You’ve read every book on the subject… ruled out any medical issues… tried routines, lullabies, rocking… and nothing works. Could your child’s bedroom be to blame for his/her sleeping problems?
According to Los-Angeles based Feng Shui expert, Marie Elena Rigo, the answer is a resounding, “yes.” Having worked with many frustrated parents – and cranky children, she’s seen first-hand that the interior of a child’s bedroom has a significant impact on whether the baby sleeps or not.
What’s the trick? Rigo says, “It’s important to create a feeling of safety and security when we sleep – especially for a child.”

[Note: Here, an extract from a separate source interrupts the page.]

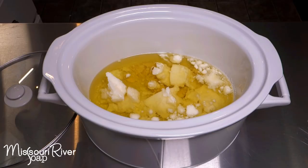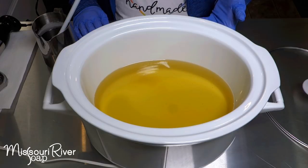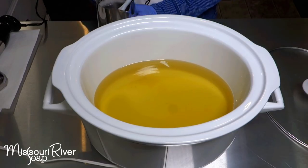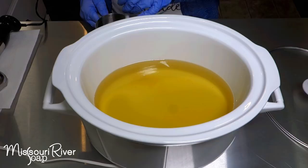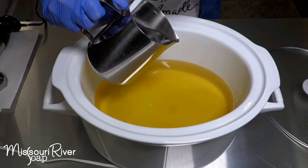I have all my oils for one loaf — I obviously could do two using this size of slow cooker, but I'm going to melt these down. I'll come back when this is all melted. So this slow cooker is currently off; the oils are about 155 to 160 degrees. My lye solution has cooled off and is still warm to the touch at 90 degrees, so I'm going to go ahead and add my lye solution.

“While many things activate our nervous system such as impending danger, loud noise, bright colors, and sharp edges, there are specific physiological responses that we can directly address through the principles of Feng Shui,” she added. “With a focus on reducing fight or flight response and minimizing over-stimulation from patterns and objects, we can calm the environment so the child’s nervous system can relax – and so can the child.”

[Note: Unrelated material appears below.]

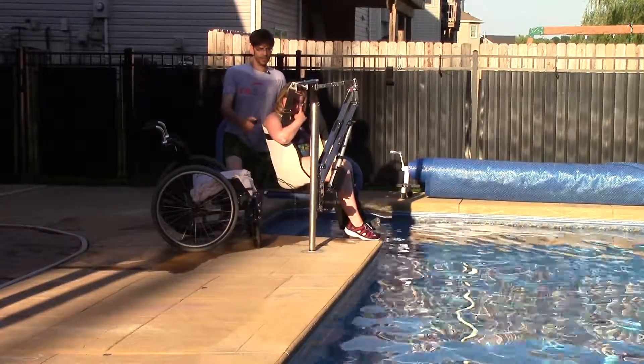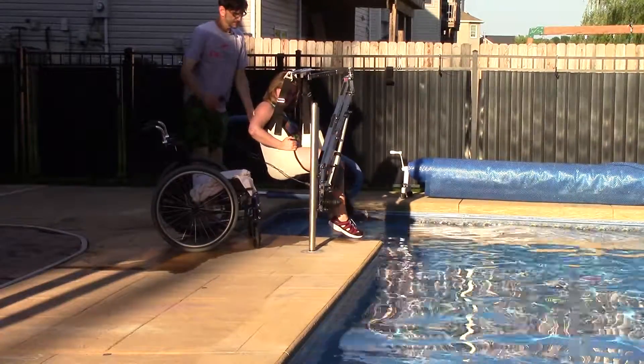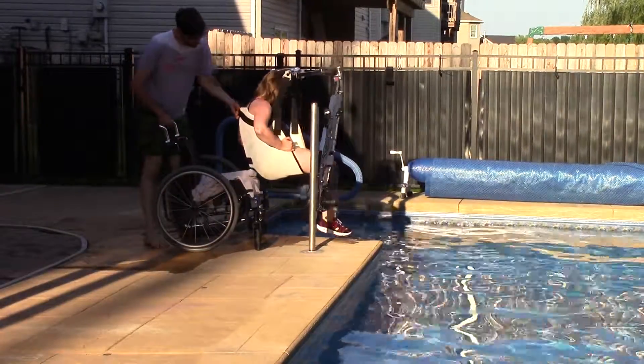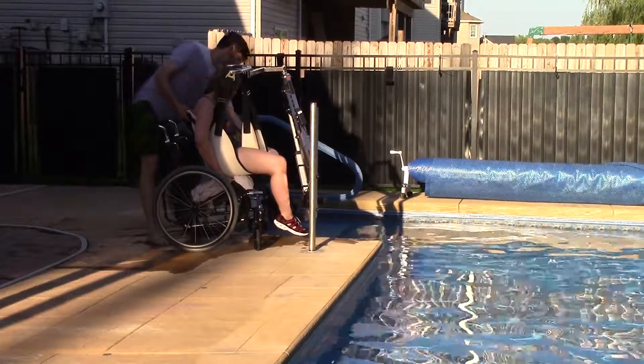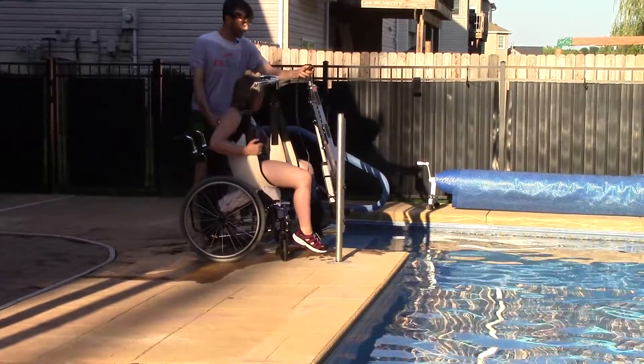Say you want to go for a swim and then you want to go out for an ice cream — which is I think a good combination. We can do that. Next we just go right over the wheelchair and line up the legs.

Discovered by Harvard physiologist Walter Cannon, fight or flight response is our body’s physiological reaction to stress – internal or external. In our environment, the “fight or flight response” can be activated by sitting with our backs to a door, walking by a coffee table with a sharp edge, maneuvering around wires on the floor, or brushing up against a rose bush laden with thorns on a walkway.
In a child’s bedroom, this response can be activated by a variety of circumstances. For example, if the crib or bed is underneath a window, the child may not feel safe and secure. While we all know that impending danger (from a storm, an earthquake or a person outside) is unlikely, the subconscious mind triggers this response system whether there is a rational or irrational threat to our survival – even as a child.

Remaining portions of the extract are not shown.